More broadly, the problem's nontrivial. Good true talent is rare, and even
then, inspiration often uneven. It's quite possible for someone to turn out
prodigious amounts of content (see Isaac Asimov, say), and even relatively
high-quality content (his was good, though IMO uneven). But there are others
who produce very few works -- Harper Lee, Margaret Mitchell, and Ludwig
Wittgenstein all come to mind.

Incentivising technological creativity has also been quite rocky -- VC-backed
startups, IPO exits, patents, state-granted charters, and patronage are among
the models attempted. Many tremendously innovative individuals died broke, and
the inventors of many of our most valuable creations (fire, agriculture,
weaving cloth, smelting metals, writing) are entirely forgotten. Even the
roster of great inventors launching the Industrial Revolution, about 200 years
ago, shows few who actually prospered _by that work_ \-- several died in
poverty, others were granted government awards or made money elsewhere, a
small handful actually profited directly.

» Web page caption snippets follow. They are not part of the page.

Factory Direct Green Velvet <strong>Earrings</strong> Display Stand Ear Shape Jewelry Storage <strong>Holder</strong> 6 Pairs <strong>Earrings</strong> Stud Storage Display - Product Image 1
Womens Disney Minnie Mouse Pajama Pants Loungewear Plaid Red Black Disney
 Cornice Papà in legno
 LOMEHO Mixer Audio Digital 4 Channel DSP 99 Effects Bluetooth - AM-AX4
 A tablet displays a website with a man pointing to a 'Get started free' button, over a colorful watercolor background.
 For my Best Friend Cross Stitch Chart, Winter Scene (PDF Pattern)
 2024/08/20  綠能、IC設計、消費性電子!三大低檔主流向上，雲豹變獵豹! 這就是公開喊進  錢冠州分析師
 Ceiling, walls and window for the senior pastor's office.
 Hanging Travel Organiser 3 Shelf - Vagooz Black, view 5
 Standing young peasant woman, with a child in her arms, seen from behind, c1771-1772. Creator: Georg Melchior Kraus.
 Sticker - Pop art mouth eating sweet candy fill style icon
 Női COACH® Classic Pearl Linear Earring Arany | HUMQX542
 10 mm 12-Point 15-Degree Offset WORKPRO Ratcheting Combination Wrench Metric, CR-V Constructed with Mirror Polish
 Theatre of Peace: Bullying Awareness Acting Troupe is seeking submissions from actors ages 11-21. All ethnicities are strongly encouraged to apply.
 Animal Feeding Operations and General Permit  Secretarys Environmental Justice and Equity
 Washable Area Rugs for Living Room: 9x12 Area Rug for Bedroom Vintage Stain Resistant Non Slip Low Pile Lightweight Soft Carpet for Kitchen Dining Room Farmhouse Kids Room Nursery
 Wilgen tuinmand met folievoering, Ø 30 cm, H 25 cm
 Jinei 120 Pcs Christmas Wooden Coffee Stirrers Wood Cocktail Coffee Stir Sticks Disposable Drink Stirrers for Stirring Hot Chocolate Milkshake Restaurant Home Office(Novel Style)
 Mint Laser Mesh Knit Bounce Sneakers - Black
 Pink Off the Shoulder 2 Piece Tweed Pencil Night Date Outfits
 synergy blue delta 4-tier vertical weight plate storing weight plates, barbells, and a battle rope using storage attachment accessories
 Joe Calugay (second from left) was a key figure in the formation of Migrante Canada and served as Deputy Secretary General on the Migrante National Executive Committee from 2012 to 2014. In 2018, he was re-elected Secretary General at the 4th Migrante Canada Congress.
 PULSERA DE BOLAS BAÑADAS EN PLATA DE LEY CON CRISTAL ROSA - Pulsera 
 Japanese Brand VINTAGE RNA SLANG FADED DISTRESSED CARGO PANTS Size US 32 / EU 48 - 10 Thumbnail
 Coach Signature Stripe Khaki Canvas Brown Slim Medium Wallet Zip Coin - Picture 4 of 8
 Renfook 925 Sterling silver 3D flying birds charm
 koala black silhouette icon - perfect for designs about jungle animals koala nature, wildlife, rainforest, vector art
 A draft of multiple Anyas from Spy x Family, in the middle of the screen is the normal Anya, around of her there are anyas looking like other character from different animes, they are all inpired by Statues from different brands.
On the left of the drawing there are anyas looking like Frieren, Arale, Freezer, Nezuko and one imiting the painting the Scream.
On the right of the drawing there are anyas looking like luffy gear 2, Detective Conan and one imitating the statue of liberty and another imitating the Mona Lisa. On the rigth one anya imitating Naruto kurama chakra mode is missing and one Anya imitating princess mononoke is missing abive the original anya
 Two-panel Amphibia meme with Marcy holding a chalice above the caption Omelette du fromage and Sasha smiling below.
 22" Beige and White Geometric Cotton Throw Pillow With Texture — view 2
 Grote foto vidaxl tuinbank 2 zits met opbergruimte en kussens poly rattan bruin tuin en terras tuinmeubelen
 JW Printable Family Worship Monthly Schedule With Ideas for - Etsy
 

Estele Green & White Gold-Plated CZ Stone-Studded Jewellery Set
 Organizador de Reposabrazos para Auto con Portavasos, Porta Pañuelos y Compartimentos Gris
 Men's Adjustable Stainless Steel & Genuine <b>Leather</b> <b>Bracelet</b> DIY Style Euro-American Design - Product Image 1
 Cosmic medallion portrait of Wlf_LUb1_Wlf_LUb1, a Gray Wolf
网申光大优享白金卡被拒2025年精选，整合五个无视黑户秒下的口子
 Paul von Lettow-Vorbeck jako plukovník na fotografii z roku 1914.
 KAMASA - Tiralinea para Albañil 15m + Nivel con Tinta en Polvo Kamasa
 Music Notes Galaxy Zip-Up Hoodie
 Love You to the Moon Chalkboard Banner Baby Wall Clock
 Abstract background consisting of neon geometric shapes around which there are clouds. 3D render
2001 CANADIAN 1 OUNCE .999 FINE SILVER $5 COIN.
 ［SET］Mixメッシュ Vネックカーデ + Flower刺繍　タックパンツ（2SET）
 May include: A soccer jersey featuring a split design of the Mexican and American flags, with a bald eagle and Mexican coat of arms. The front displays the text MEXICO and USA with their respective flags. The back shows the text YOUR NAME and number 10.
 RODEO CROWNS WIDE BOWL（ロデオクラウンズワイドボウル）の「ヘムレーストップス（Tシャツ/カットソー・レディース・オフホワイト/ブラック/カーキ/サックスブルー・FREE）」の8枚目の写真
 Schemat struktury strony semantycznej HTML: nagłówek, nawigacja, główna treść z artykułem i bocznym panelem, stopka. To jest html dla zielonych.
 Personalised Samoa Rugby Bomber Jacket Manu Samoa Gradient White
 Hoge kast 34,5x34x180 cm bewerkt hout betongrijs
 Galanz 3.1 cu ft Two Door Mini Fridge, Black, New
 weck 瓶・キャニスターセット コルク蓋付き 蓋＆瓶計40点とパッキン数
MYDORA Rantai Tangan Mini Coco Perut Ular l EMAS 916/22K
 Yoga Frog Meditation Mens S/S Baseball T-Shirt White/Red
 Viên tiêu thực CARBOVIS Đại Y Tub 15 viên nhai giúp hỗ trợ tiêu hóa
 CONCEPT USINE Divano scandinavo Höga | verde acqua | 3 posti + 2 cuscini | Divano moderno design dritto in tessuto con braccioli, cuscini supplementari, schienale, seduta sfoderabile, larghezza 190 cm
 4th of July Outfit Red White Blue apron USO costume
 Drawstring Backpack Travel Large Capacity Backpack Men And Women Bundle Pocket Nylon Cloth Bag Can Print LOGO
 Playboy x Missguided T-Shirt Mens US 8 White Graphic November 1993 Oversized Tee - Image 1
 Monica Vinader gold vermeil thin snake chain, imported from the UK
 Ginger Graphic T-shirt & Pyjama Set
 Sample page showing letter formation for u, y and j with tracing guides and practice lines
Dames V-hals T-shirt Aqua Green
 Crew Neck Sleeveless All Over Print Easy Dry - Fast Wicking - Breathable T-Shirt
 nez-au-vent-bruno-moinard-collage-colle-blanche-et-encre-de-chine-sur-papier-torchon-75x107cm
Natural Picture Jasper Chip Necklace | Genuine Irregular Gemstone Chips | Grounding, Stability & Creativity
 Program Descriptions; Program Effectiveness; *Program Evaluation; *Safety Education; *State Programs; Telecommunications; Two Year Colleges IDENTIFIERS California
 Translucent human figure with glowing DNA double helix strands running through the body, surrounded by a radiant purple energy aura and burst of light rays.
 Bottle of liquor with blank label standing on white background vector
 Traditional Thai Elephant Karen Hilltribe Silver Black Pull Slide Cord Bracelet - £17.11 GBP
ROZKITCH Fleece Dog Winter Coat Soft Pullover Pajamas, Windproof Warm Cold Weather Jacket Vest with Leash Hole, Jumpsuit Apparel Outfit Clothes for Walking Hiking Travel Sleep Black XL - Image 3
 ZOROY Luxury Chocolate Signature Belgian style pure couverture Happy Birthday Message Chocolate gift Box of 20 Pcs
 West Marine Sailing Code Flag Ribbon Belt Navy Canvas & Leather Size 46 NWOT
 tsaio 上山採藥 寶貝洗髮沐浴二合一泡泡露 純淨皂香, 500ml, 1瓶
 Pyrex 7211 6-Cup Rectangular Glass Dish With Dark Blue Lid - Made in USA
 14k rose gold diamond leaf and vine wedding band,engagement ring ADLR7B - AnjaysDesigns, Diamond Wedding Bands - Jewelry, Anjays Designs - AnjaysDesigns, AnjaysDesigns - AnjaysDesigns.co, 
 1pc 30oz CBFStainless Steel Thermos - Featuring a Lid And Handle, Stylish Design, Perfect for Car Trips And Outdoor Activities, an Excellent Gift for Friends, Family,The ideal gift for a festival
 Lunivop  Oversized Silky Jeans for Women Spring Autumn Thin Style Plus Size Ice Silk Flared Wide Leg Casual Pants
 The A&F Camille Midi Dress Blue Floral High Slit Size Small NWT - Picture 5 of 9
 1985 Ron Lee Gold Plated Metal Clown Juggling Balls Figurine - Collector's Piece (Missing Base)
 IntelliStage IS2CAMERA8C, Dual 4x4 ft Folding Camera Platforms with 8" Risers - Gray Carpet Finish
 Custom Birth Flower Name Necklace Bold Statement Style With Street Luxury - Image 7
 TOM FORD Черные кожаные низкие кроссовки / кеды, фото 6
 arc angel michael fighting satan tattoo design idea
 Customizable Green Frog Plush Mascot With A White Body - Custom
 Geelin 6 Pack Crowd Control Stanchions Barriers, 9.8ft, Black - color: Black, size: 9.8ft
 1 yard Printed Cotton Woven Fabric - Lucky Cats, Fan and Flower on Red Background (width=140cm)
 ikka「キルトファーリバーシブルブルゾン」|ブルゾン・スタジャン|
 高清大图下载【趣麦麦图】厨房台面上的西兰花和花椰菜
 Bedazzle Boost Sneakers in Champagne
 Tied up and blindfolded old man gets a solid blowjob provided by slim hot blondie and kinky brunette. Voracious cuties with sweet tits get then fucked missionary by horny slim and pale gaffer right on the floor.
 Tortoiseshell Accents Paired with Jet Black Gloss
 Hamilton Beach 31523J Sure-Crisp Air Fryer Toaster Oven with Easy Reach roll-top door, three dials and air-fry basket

I've just run across Joseph Needham's absolutely stunning 27 volume _History
of Science and Civilisation in China_ , which tells the story of Chinese
invention dating back literally thousands of years (don't ask for details, as
I said, _just_ discovered it, though Needham and the work's Wikipedia pages
offer substantial background, and Simon Winchester has a biography of Needham
giving more detail). One question I've in mind to take to it is _what
motivated China 's inventors?_

Needham himself asked what's eponymously called "the Needham Question": why
didn't China, with its tremendous head start, industrialise before the West.

Other investigation / musing:

For content: a tax / universal content syndication
[https://www.reddit.com/r/dredmorbius/comments/1uotb3/a_modes...](https://www.reddit.com/r/dredmorbius/comments/1uotb3/a_modest_proposal_universal_online_media_payment/)

(Phil Hunt and Richard Stallman have markedly similar proposals.)

On information, markets, and why they fit poorly:
[https://www.reddit.com/r/dredmorbius/comments/2vm2da/why_inf...](https://www.reddit.com/r/dredmorbius/comments/2vm2da/why_information_goods_and_markets_are_a_poor_match/)

I can't find a post on the IR inventors offhand, which probably is a good sign
I need to create one....

------
WaxProlix
This addresses a lot of complaints people have with ads from a UX perspective,
but misses some of the technical reasons that a lot of folks (probably
disproportionately represented on sites like SO) have for blocking ads and
tracking scripts, which is that they're _fucking intrusive_ , not just on a
given experience but into one's life. Since most ad impressions are coupled
with some persona creation and event linking these days, it's not as simple as
"we want to make ads more relevant and high-quality".

------
kelnos
It's really great to see that people are paying attention to the problem of
low-quality ads.

But I don't want to see ads. Of any quality level, high or low. Ever. I will
never turn off my ad blocker, for any site.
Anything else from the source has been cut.